Eddah’s presentation highlighted the gaps in gender responsiveness of Kenya’s M&E ecosystem in her evaluation on the capacity and sustainability in social equity and development issues by women-led advocacy groups. My presentation, on the other hand gave an overview of selected country experiences in building national evaluation systems with a particular emphasis on gender mainstreaming. These presentations were based on the individual country’s ability to track gender equality and the empowerment of women as a development outcome.

These presentations were similar in that the country experiences revealed the presence of national evaluation systems as well as the gender machinery within the structures of government to support the empowerment of women in the delivery of services. Similarly the presentations noted the inability of national evaluation systems to integrate gender mainstreaming due to a weak gender machinery within the country. Going forward it would be useful to work with gender champions in government and civil society to make national evaluations more gender responsive.

Integrating Evaluation Systems in Africa

While Africa remains a beneficiary of numerous evaluations that are conducted across the continent by various development partners, the above presentations highlight an important aspect that is often lost in such global platforms, that is: what is the state of country-driven evaluation in Africa? These presentations point to the presence of national evaluation systems that grapple with a country’s development imperative, while also trying to address global commitments like Agenda 2030 and the African Union’s Agenda 2063.

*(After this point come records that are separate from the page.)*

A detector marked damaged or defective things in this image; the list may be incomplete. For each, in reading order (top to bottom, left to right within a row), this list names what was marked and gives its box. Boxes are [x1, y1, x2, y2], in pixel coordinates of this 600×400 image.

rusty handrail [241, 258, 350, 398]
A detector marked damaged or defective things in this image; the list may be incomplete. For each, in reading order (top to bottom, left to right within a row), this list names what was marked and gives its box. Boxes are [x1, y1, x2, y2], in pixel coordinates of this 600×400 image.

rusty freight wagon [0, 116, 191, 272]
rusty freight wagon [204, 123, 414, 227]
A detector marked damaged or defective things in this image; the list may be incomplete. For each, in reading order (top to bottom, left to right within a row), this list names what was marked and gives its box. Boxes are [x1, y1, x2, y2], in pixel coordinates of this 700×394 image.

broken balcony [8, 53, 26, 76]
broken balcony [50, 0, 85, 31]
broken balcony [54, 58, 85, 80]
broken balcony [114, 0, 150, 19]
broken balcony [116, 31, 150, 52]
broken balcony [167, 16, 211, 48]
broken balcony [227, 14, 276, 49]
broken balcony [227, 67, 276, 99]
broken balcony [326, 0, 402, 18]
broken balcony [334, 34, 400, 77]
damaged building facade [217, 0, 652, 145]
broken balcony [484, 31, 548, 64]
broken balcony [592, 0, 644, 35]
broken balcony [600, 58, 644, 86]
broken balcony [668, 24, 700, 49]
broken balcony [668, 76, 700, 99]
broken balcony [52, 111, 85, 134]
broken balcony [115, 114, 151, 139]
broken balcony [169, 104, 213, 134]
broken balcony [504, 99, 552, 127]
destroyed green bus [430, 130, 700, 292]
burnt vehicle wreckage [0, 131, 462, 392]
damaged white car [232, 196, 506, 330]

What will be useful in integrating evaluation into government practice, is to develop and sustain country-driven evaluation practice and a deliberate attempt to realise national development imperatives in government policies and programs. It will be useful to have a vibrant evaluation system that not only monitors but also tracks the realisation of development aspirations of African countries – especially the empowerment of women in African societies. The path to building capable institutions will always be a treacherous one, but the three African presentations at IDEAS 2019 gave an honest indication of the development trajectory of some African states. It is hoped that as national evaluation systems evolve so development outcomes will be more tangible for citizens.